In order of precedence (first higher than later):

- NCBI Entrez (Pubmed)
    - Original: <ftp://ftp.ncbi.nlm.nih.gov/pubmed/J_Entrez.txt>
    - Snapshot: <https://archive.org/download/ncbi-entrez-2019/J_Entrez.txt>
- DOAJ
    - Original: <https://doaj.org/csv>
    - Snapshot: <https://archive.org/download/doaj_bulk_metadata_2019/doaj_20190124.csv>
- ROAD
    - Original: <http://road.issn.org/en/contenu/download-road-records>
    - Snapshot: <https://archive.org/download/road-issn-2018/2018-01-24/export-issn.zip>
- SHERPA/ROMEO
    - Original: <http://www.sherpa.ac.uk/downloads/journal-title-issn-urls.php> (requires reg)
    - Mirror: <http://www.moreo.info/?csv=romeo-journals.csv>
    - Snapshot:
- Norwegian Registry
    - Original: <https://dbh.nsd.uib.no/publiseringskanaler/AlltidFerskListe>
    - Snapshot: <https://archive.org/download/norwegian_register_journals>
- Wikidata via SPARQL Query
    - SPARQL: <https://archive.org/download/wikidata-journal-metadata/wikidata.sparql>
    - Snapshot: <https://archive.org/download/wikidata-journal-metadata>
- KBART reports: LOCKSS, CLOCKSS, Portico
    - Original: (multiple, see README in IA item)
    - Snapshot: <https://archive.org/download/keepers_reports_201912>
- JSTOR
    - Original: <https://support.jstor.org/hc/en-us/articles/115007466248-JSTOR-title-lists>
- Crossref title list (not DOIs)
    - Original: <https://wwwold.crossref.org/titlelist/titleFile.csv>
    - Snapshot: <https://archive.org/download/crossref_doi_titles>
- OpenAPC Dataset
    - Original: <https://github.com/OpenAPC/openapc-de/blob/master/data/apc_de.csv>
    - Snapshot: <https://archive.org/download/openapc-dataset>
- EZB Metadata
    - Snapshot: <https://archive.org/download/ezb_snapshot_2019-07-11>
- IA SIM Microfilm catalog
    - Original: <https://archive.org/download/SerialsOnMicrofilmCollection/MASTER%20TITLE_METADATA_LIST_20171019.xlsx>
- IA homepage crawl attempts

The SHERPA/ROMEO content comes from the list helpfully munged by moreo.info.
UPDATE: this site is now defunct (404).

General form here is to build a huge python dict in memory, keyed by the
ISSN-L, then write out to disk as JSON. Then the journal-metadata importer
takes a subset of fields and inserts to fatcat.

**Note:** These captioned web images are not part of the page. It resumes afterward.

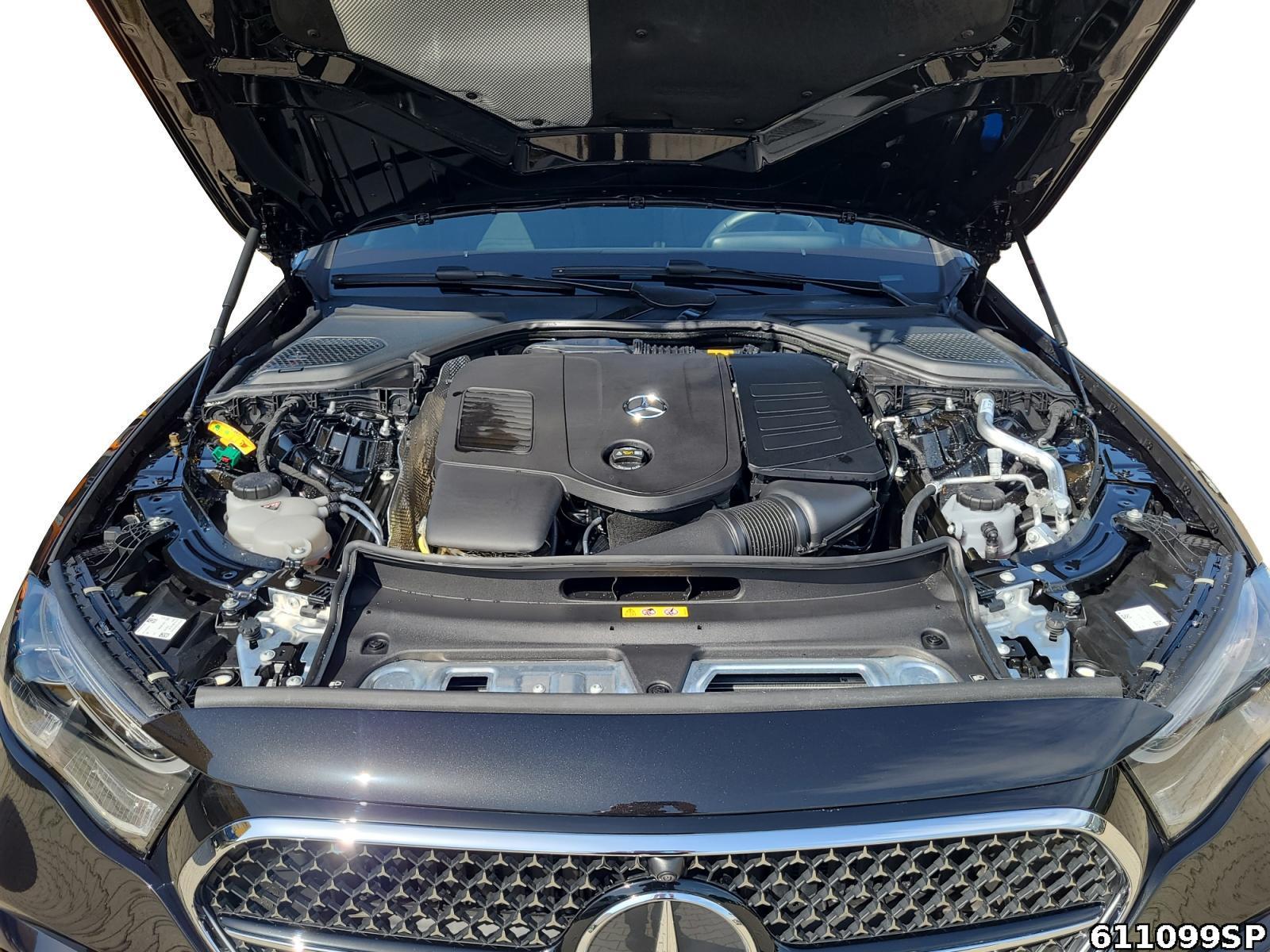 Fahrzeugabbildung Mercedes-Benz E 300 e AMG Pano Night Digital-Light Distronic
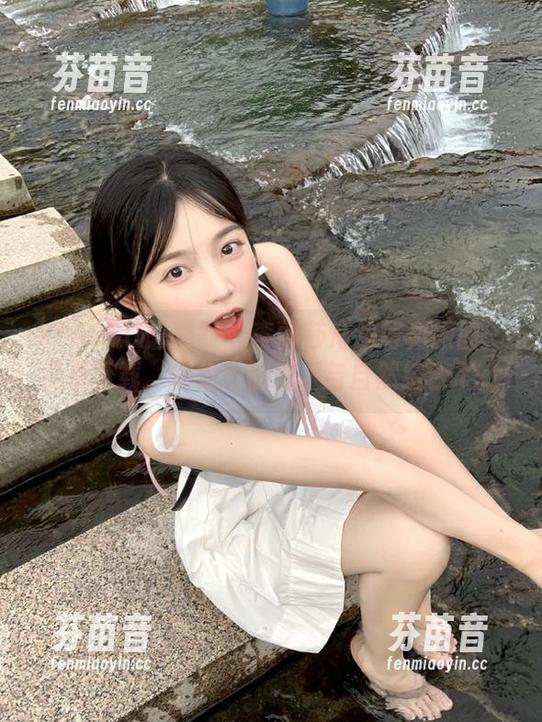 XIAOYU语画界 - 李丽莎海边写真原图：免费下载，体验她的艺术与自然结合.txt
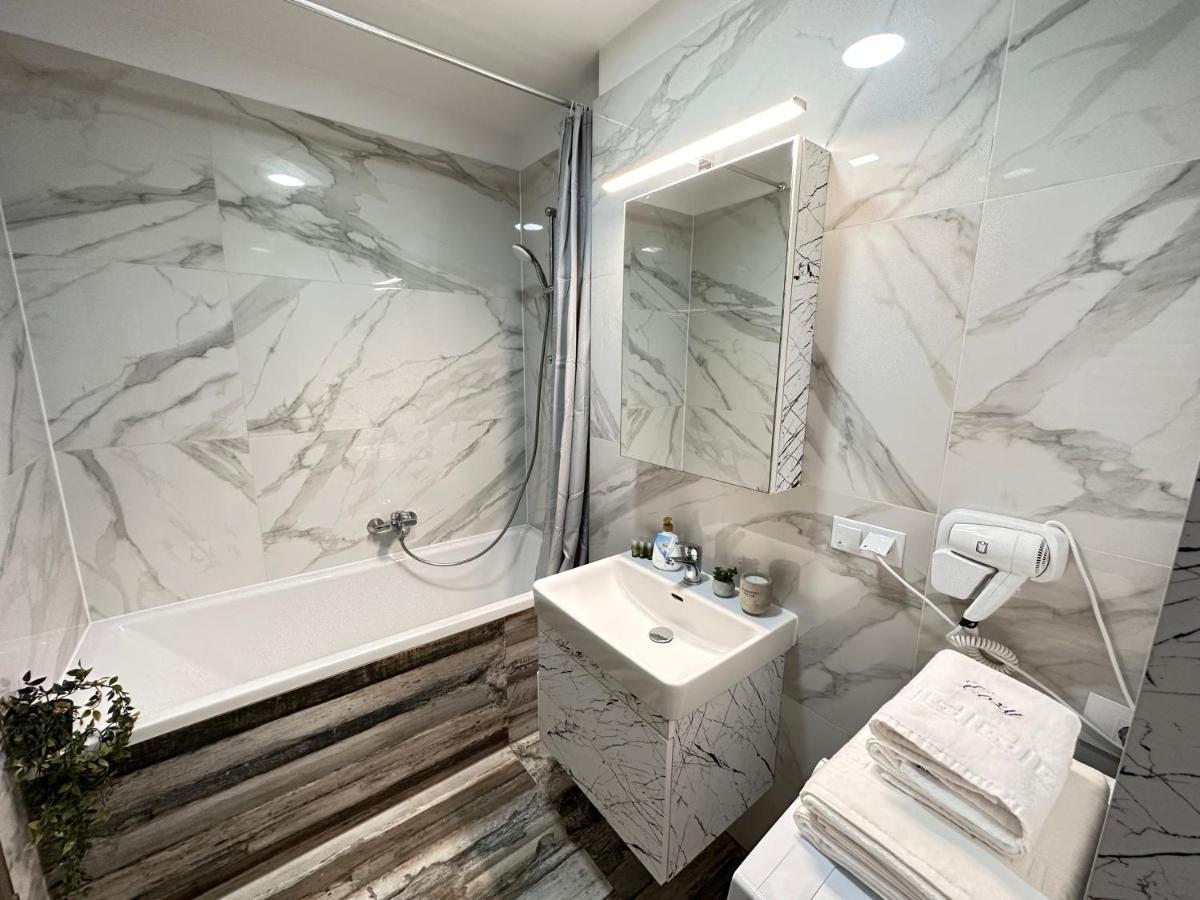 Deluxe Cozy Apartments - Coresi Mall #Braşov Dış mekan fotoğraf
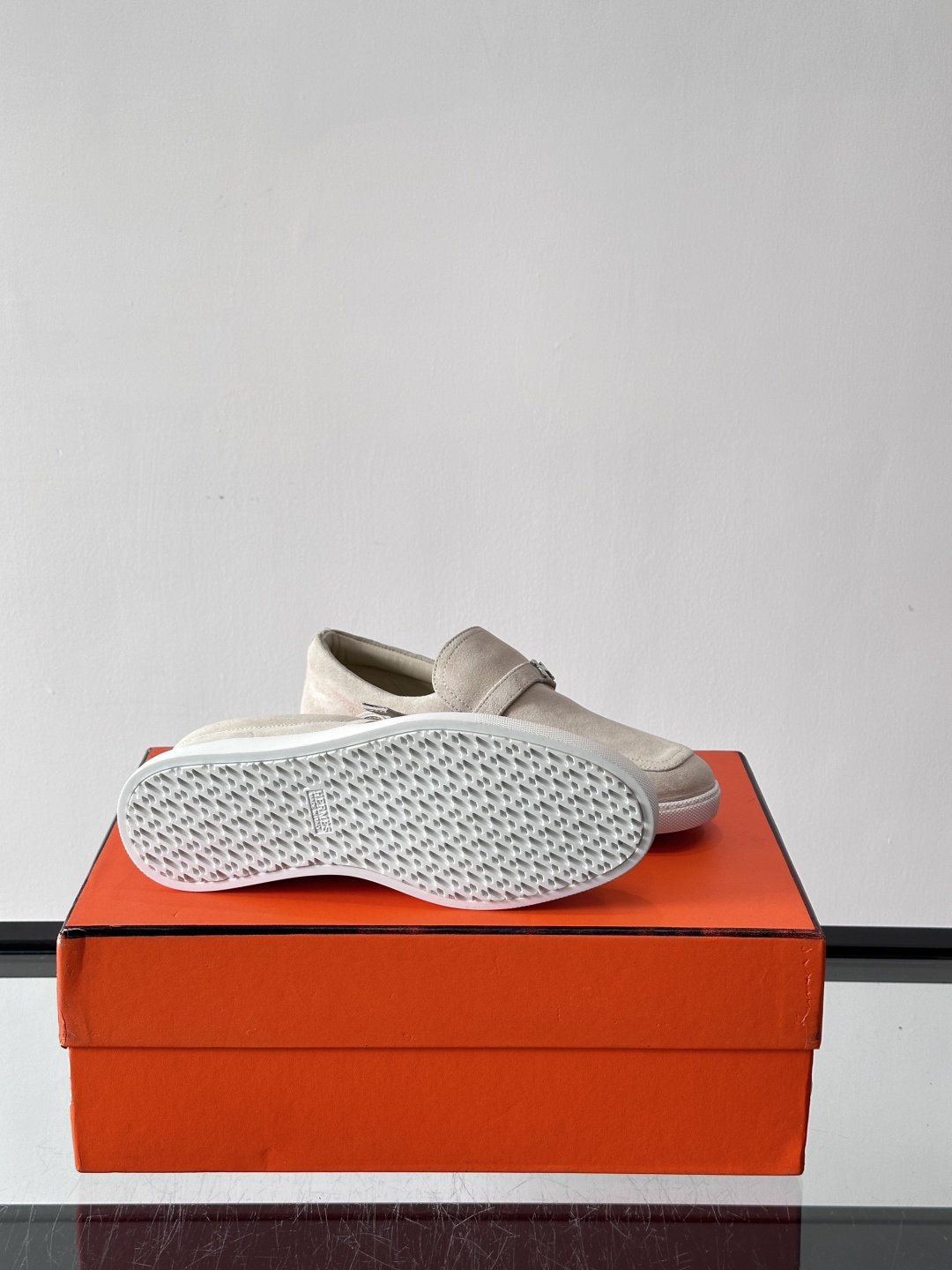 Hermes反绒皮乐福鞋爱马仕这款反绒皮乐福鞋，采用柔软麂皮，质感细腻，搭配白色橡胶鞋底，舒适又实用。鞋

Lastly, the elasticsearch
transformer takes a subset/combination of 

## Fatcat Container Counts

Generate a list of ISSN-L identifiers, fetch each from fatcat web peudo-API, and write to JSON.

    cat container_export.json | jq .issnl -r | sort -u > container_issnl.tsv
    cat container_issnl.tsv | parallel -j10 curl -s 'https://fatcat.wiki/container/issnl/{}/stats.json' | jq -c . > container_stats.json

Then load in to chocula and recaculate stats:

    pipenv shell
    ./chocula.py load_fatcat_stats container_stats.json
    ./chocula.py summarize

    # also, upload stats to an IA item, update fetch.sh and chocula.py variables

## Journal Homepage Crawl Status

The `check_issn_urls.py` script tries crawling journal homepages to see if they
are "live" on the web. To regenerate these stats:

    # assuming you have a fresh database
    pipenv shell
    ./chocula.py export_urls | shuf > urls_to_crawl.tsv
    parallel -j10 --bar --pipepart -a urls_to_crawl.shuf.tsv ./check_issn_urls.py > url_status.json
    ./chocula.py update_url_status url_status.json
    ./chocula.py summarize

Might also want to upload results at this point.